Slovenia flag

Slovenia Flag

Slovenia Flag

The modern Slovenian flag has been in use since April 1848, when it was first raised by Lovro Toman in Ljubljana during the turbulent political upheaval that were sweeping Central and Eastern Europe. Toman’s demonstration was part of an effort to demonstrate the sovereignty of Slovenia in response to a German flag that had been raised over a local castle. In a surprise move, the Austro-Hungarian authorities formally recognized the flag despite holding a policy that tricolors were a symbol of revolution against the state.

Sometimes referred to as a tricolor, the modern Slovenian flag consists of three bands of white, blue and red. A coat of arms is superimposed over the bands and features an image of Mount Triglav, the highest peak in the country. Below the peak are two waves, which represent the Adriatic Sea and other rivers in Slovenia. Three golden stars, each with six points, are printed above the image of the mountain and represent the part of the coat of arms of one of Slovenia’s great dynastic houses, the Counts of Celje, who ruled part of the territory in the fourteenth and fifteenth centuries.

The Slovenian flag raised in 1848 lacked a coat of arms. After World War II and the creation of the Socialist Republic of Slovenia, a red five-pointed star was added to the blue band of the flag. In 1991, the flag was redesigned and the current format was introduced. The coat of arms used today was designed by Marko Pogacnik, a prominent Slovenian artist who drew on the history of the country when creating the new flag. There are several variations of the flag, such as for the Slovenian President or the Chief of the General Staff, but all of them bear the coat of arms seen on the main flag.

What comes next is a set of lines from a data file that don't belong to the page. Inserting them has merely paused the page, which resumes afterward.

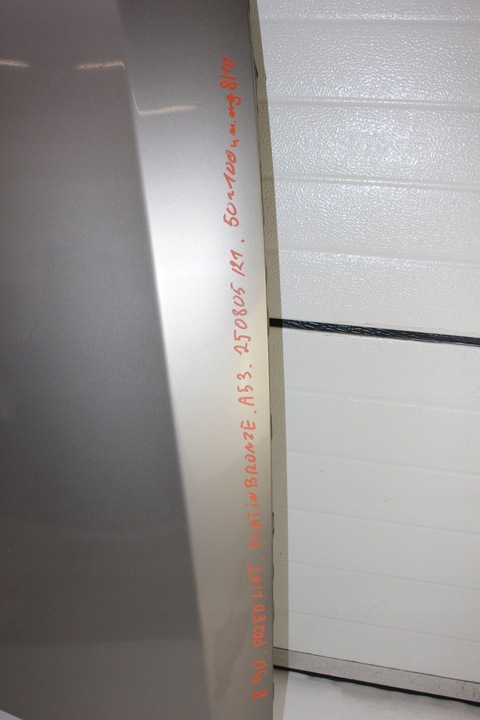 фото №10, Капот крышка двигателя bmw e90 e91 a53 platin бронза передний рестайлинг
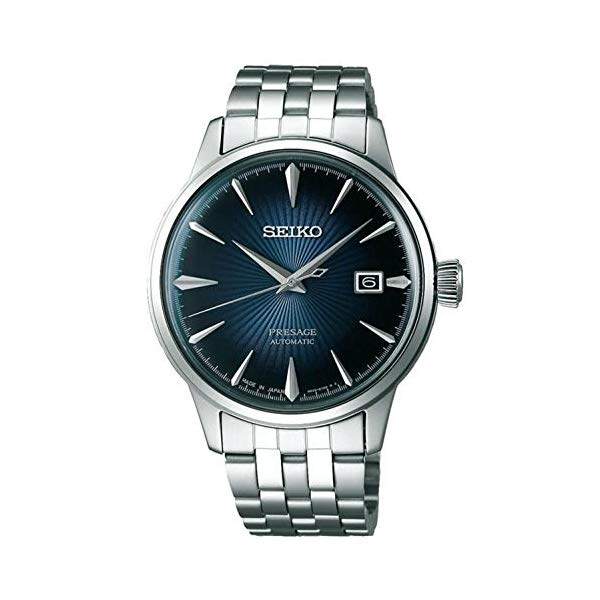 セイコー SEIKO ウオッチ ご覧なさる SRPB41J1 Seiko PRESAGE Automatic Blue Gradation Cocktail Time\"Blue Moon\"" SRPB41J1"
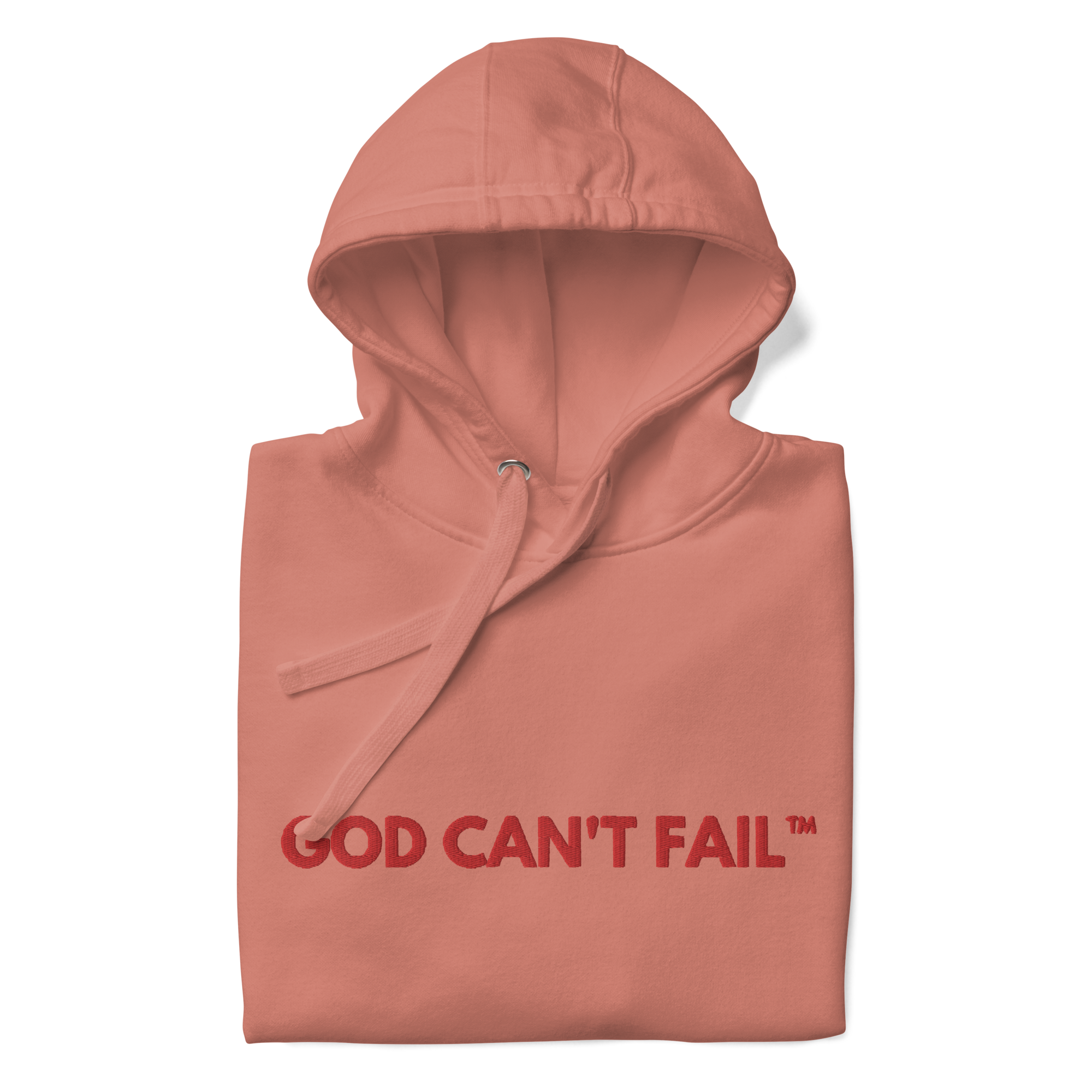 GCF Hoodie - Red Embroidery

Several proposed changes to the Slovenia flag were suggested in 2003, one of which would change the horizontal bands to vertical ones to differentiate the Slovenian flag from the current flags of Russia and Slovakia, both of which are tricolors with horizontal stripes. However, this did not prove popular and today the existing design of the Slovenian flag is seen as a celebration of Slovenian culture, history and landscape.